In U.S. Pat. No. 5,407,337 is disclosed a Moineau pump (here called a “helical gear fluid machine”), in which an outer rotor is fixedly supported in a pump casing, an external motor has a fixed axis extending through the external wall of the pump casing parallel with the axis of the outer rotor in a fixed eccentric position relative to it, and the shaft of the motor drives, through a flexible coupling, the inner rotor which has, beyond said coupling, no other support than the walls of the helical cavity of the outer rotor, the material is assumed to be an elastomer. In this case the rotation of the outer rotor is driven exclusively by movements and forces at the contact surfaces of the inner cavity against the inner rotor. A drawback of this solution is that if there is considerable clearance at or elastic deflection of the contact surface, the inner rotor or the outer rotor will be moved more or less away from its ideal relative position. Further, by increasing load, the driving contact surface between the inner and outer rotors will be moved constantly nearer to the motor and force the inner rotor more and more out of parallelism relative to the axis of the outer rotor, so that over the length of the outer rotor, the inner rotor will contact the outer rotor on diametrically opposite sides with consequent friction loss, wear on rotors and motor coupling and also possible signs of wedging. Vibrations, erratic running and reduced efficiency may also be expected.
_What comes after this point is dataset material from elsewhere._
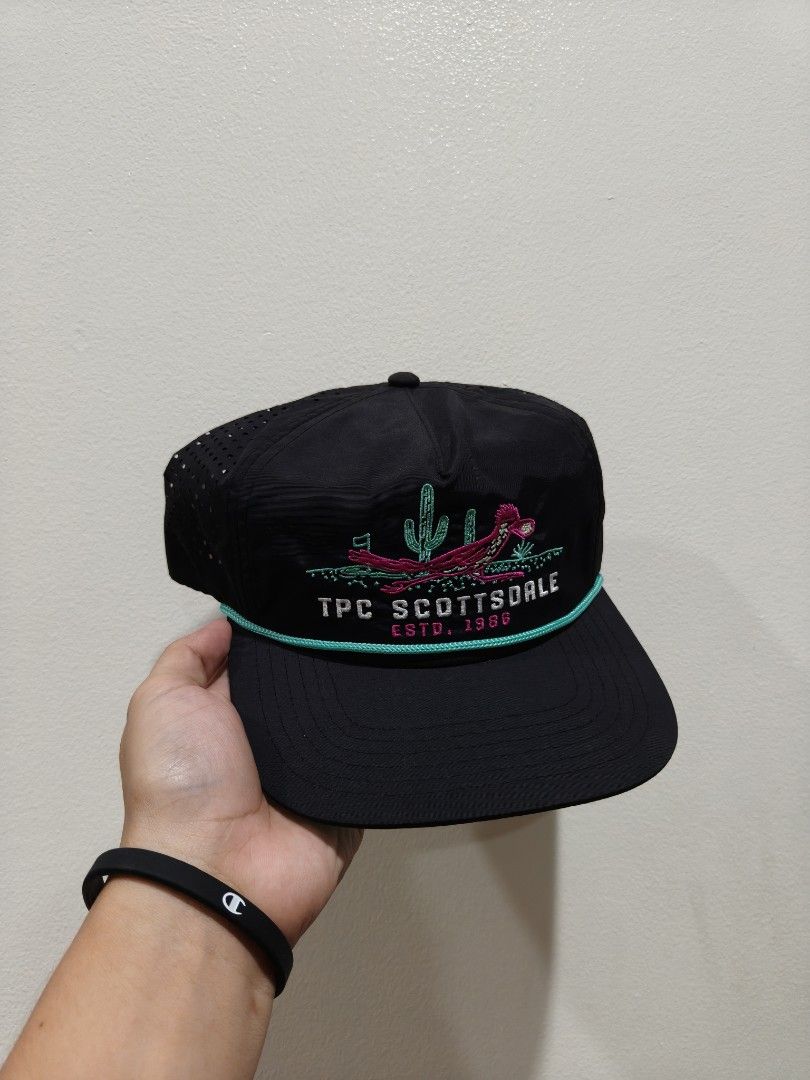 TPC SCOTTSDALE STAUNCH TRADITIONAL OUTFITTER HAT (Category: Caps & Hats) located in Taguig. Submitted by spotncop (Listing ID 1447935897, Image 1). Description: TPC SCOTTSDALE STAUNCH TRADITIONAL OUTFITTER HAT ADJUSTABLE SNAPBACK BRANDNEW CONDITION NEVER BEEN USED DETAILED & ACTUAL PIC ALREADY POSTED TAGUIG LOCATION 599 PHP + SF.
In U.S. Pat. No. 5,017,087 as well as WO99/22141 inventor John Leisman Sneddon has shown designs of Moineau pumps, in which the outer rotor of the pump is enclosed by and fixedly connected to the rotor of an electromotor whose stator windings are fixedly connected to the pump casing. In these designs the outer and inner rotors of the pump are both fixedly supported radially at both ends in the same pump casing, so that the outer and inner rotors of the pump function together as a mechanical gear, driving the inner rotor at the correct speed relative to the outer rotor which, in turn, is driven by said electromotor. In this case as well, signs of wedging between the inner and outer rotors may arise, in particular if solid hard particles seek to wedge between the inner and outer rotors where these have their driving contact surfaces. Besides, a disadvantage of an inner rotor fixedly supported at both ends is that if the pumping medium is of a kind which must be separated from contact with the bearings, independent dynamic seals will be needed at both ends for both the inner rotor and the outer rotor, as these do not have a common rotary axis.
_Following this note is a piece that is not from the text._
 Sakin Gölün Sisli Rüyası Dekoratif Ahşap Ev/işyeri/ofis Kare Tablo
In U.S. Pat. No. 4,482,305 is shown a pump, flow gauge or similar according to the PCP principle with inner and outer rotors. Here is used a wheel gear outside the pump rotors which ensures a stably correct relative rotational speed between the inner and outer rotors, independently of internal contact surfaces between them. This ensures smoother running, in particular by great pressure differences and/or spacious clearances—which may be necessary to achieve a gradual pressure increase when compressible media are pumped. However, it is assumed here as well that there are dynamic seals and radial bearings at both ends of the inner rotor. The dynamic seal for the outer rotor is also complicated by the diameter of the sealing surface having to be large enough to allow an internal passage for both the pumping medium and the bearing shaft on the extension of the active helical part of the inner rotor.
The invention has for its object to remedy or reduce at least one of the drawbacks of the prior art.
The object is achieved through features which are specified in the description below and in the claims that follow.